Die denkwürdige Auseinandersetzung zwischen Köln und Mannheim hielt bis zum Jahre 2017 den Europarekord für das längste Eishockeyspiel. Zum Weltrekord fehlten nur gute acht Minuten. In der NHL-Spielzeit 1935/36 dauerte es 176:30 Minuten, bis in der Halbfinalbegegnung zwischen den Detroit Red Wings und den Montreal Maroons überhaupt ein Tor fiel. Detroit gewann dieses erste Spiel mit 1:0 und später den Stanley-Cup.

Die Partie zwischen Frankfurt und Iserlohn aus dem Viertelfinale 2008 belegt noch immer Platz zwei der längsten DEL-Spiele der Geschichte. Die längste Auseinandersetzung der jüngeren Vergangenheit lieferten sich die Augsburger Panther und der EHC Red Bull München in Spiel drei des Halbfinals der Saison 2018/19, als Brady Lamb nach 103:34 Minuten den 2:1-Siegtreffer für die Fuggerstädter erzielte. Kurios: In derselben Serie in Spiel eins ging es ebenfalls in die dritte Verlängerung. Dort war es Mark Voakes, der nach „bereits" 101:12 Minuten die Entscheidung für die roten Bullen herbeiführte. Diese Serie, die über sieben Spiele ging, ist die längste Serie, die jemals in der DEL ausgetragen wurde.

Faszination Playoffs!
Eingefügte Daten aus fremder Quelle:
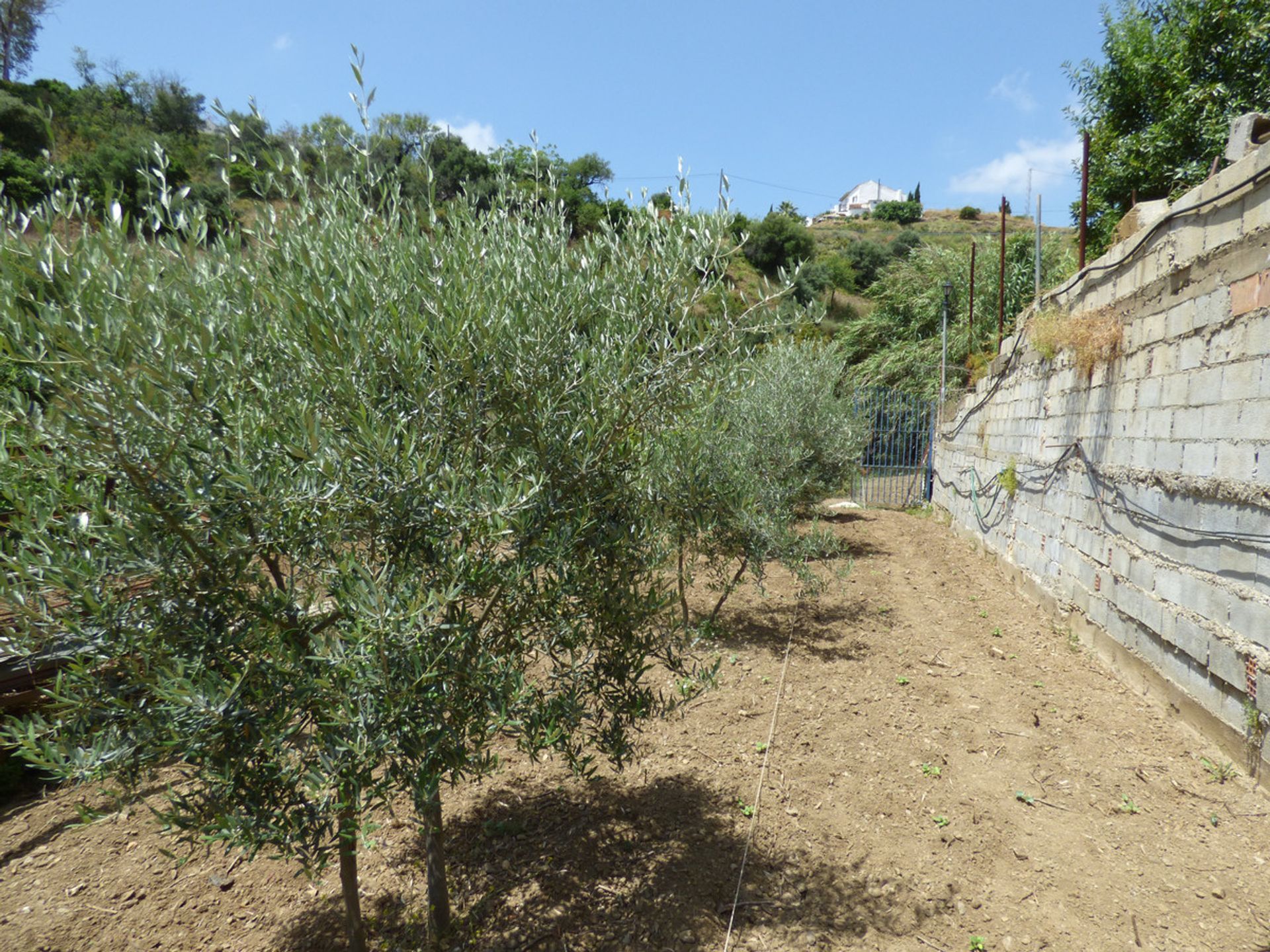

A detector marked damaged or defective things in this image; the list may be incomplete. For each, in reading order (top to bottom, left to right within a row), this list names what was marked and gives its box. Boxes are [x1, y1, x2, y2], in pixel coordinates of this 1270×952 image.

rusty metal post [1081, 130, 1092, 269]
rusty metal post [970, 239, 980, 337]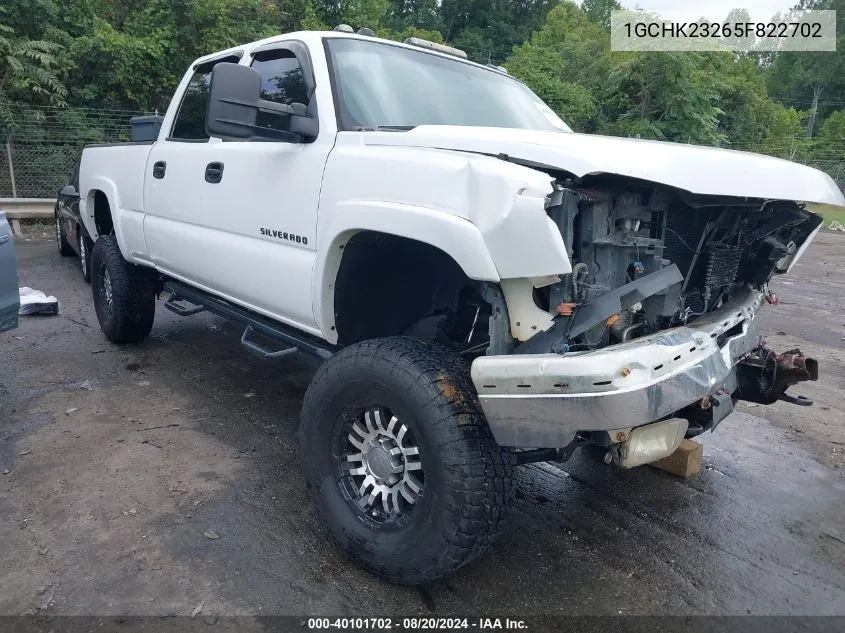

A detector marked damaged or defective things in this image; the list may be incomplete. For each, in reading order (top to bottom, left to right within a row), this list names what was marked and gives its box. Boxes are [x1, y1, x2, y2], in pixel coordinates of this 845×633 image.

Fans des Eishockeysports lieben diese Phase der Saison, die „fünfte Jahreszeit", nicht zuletzt wegen der Nervenschlachten in langen Verlängerungen. Man darf gespannt bleiben, ob irgendwann wieder ein Spiel die Fans solange fesseln wird wie jener Marathon im März des Jahres 2008.